Prior to the enactment of the HIPAA Breach Notification Rule in 2009, CEs had no responsibility to report the exposure of unsecured PHI. The responsibility was the OCR’s to prove whether harm had occurred as a result of the breach before pursuing enforcement action. Since the enactment of the HIPAA Breach Notification Rule, the responsibility has shifted. CEs and BAs must prove that no harm has occurred as a result of a breach if choosing not to report the breach to the OCR or patients.

Subsequent Changes to the HIPAA Requirements

Periodically, HIPAA guidelines are updated to expand the scope of HIPAA compliance, address evolving challenges, and progress towards a more efficient health system. The HITECH Act in 2009 and the enactment of HIPAA related provisions via the Final Omnibus Rule in 2013 are examples of subsequent changes to the HIPAA requirements.

The HITECH Act consists of four subtitles. Subtitle D includes additional provisions for the privacy and security of ePHI. Part 1 concerns the improvement of privacy and security of ePHI while part 2 is regards the relationship between the HITECH Act and other laws. Under this subtitle, some rules took immediate effect – for example, the Breach Notification Rule. he OCR was given the authority to apply penalties to non-compliant CEs and BAs. In addition, state attorneys general were also given the right to pursue civil and criminal action on behalf of affected citizens.

The Final Omnibus Rule reflected the evolution of technology since the effective date of HIPAA in 1996. By 2013, the Final Omnibus Rule was introduced to address some shortcomings of the original Privacy and Security Rules. With these shortcomings addressed, the OCR were given the means to increase enforcement action.
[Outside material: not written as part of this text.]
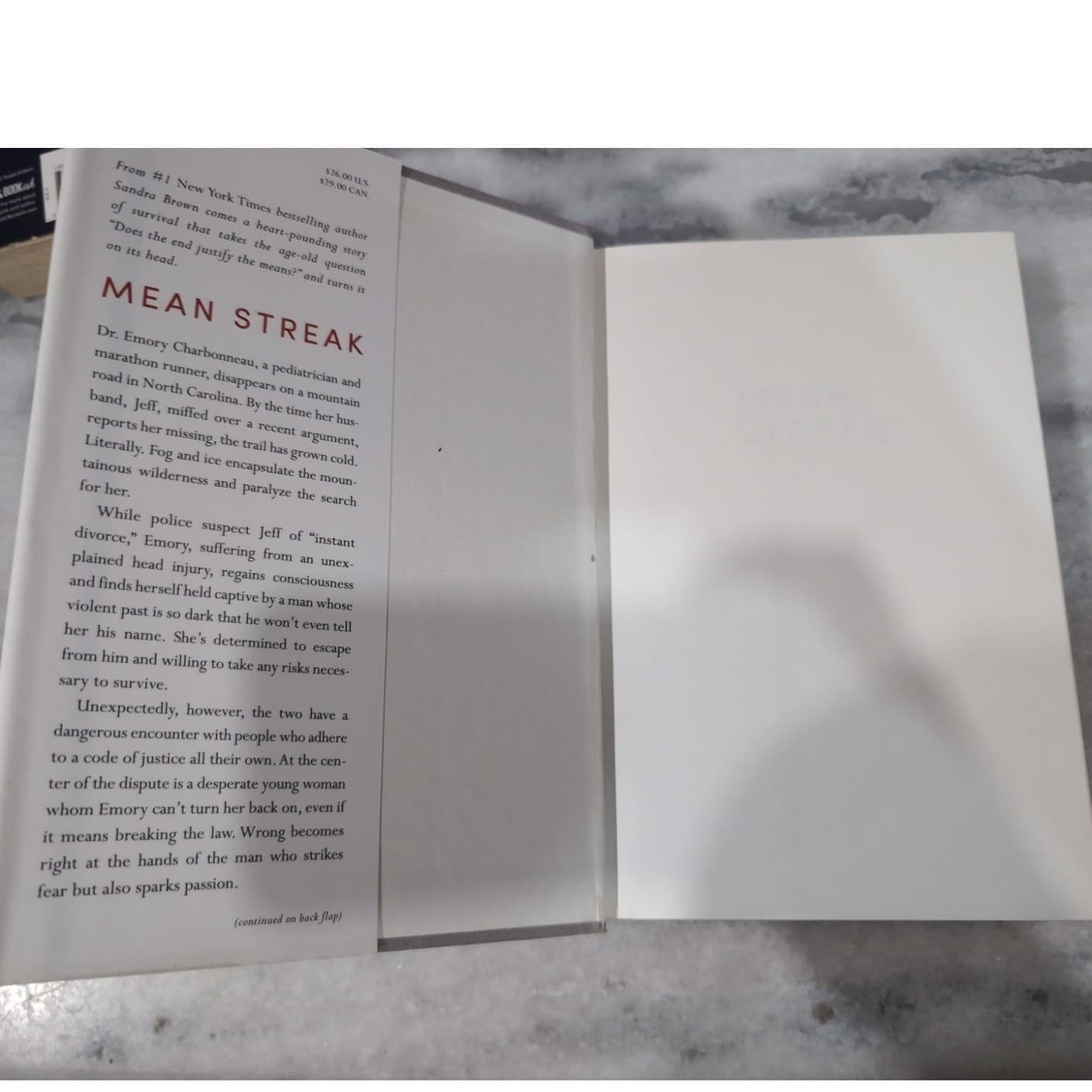 Sandra Brown Suspense Novels, Lot of 4, Mean Streak Smoke Screen Tough Customer - Thumbnail 11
What are the Penalties for Failing to Comply with HIPAA?

Non-compliance with HIPAA can lead to large fines and even criminal penalties. The primary enforcer of HIPAA is the Department of Health and Human Services’ Office for Civil Rights. However, subsequent changes such as the HITECH Act has given state attorney generals the ability to prosecute non-compliant CEs and BAs independently on behalf of citizens. In addition, the Centers for Medicare and Medicaid Services (CMS), the U.S. Food and Drug Administration (FDA), the Federal Communications Commission (FCC), and the Federal Communications Commission (FCC) all have enforcement powers to some extent.

There are various ways in which the enforcers of HIPAA learn about non-compliance to HIPAA. The use of online reporting portals by employees and the public is typically how violations are identified. Breach notifications made by CEs and BAs to the OCR are another way in which violations are identified by enforcers. The OCR may find violations independent from the assistance of employees or patients of a CE. Prompted by the execution of a Corrective Action Order or technical assistance, the OCR may carry out audits and inspections which regularly result in the OCR identifying violations of HIPAA.

The OCR has the means to punish non-compliance with HIPAA harshly. When a violation of a serious nature occurs, the OCR can issue fines of up to $1,806,757 per violation (2022). The size of the penalty is determined by multiple factors. These include:

  • The amount of harm caused by the violation.
  • The degree of culpability.
  • The efforts made to reduce the impact of the violation.
  • The level of cooperation and the time of notification made by the negligent party.

State Attorneys General have the authority to impose fines, while agencies such as the CMS can fine CEs in receipt of Medicare and Medicaid payments for practices considered to constitute information blocking. Individuals can be subject to criminal charges if a violation is discovered which has the intention of personal financial gain or causing harm.

Ensure you Know the HIPAA Compliance Requirements

In order to avoid penalties for non-compliance with HIPAA, it is necessary for CEs to fully understand its regulations. HIPAA compliance can be confusing and difficult to follow. Organizations may find it difficult to implement the appropriate safeguards for the protection of PHI. In addition, the HIPAA requirements are frequently changing and CEs and BAs must keep up-to-date with these changes. Therefore, it is advised that those subject to the HIPAA Rules seek expert advice to ensure full HIPAA compliance.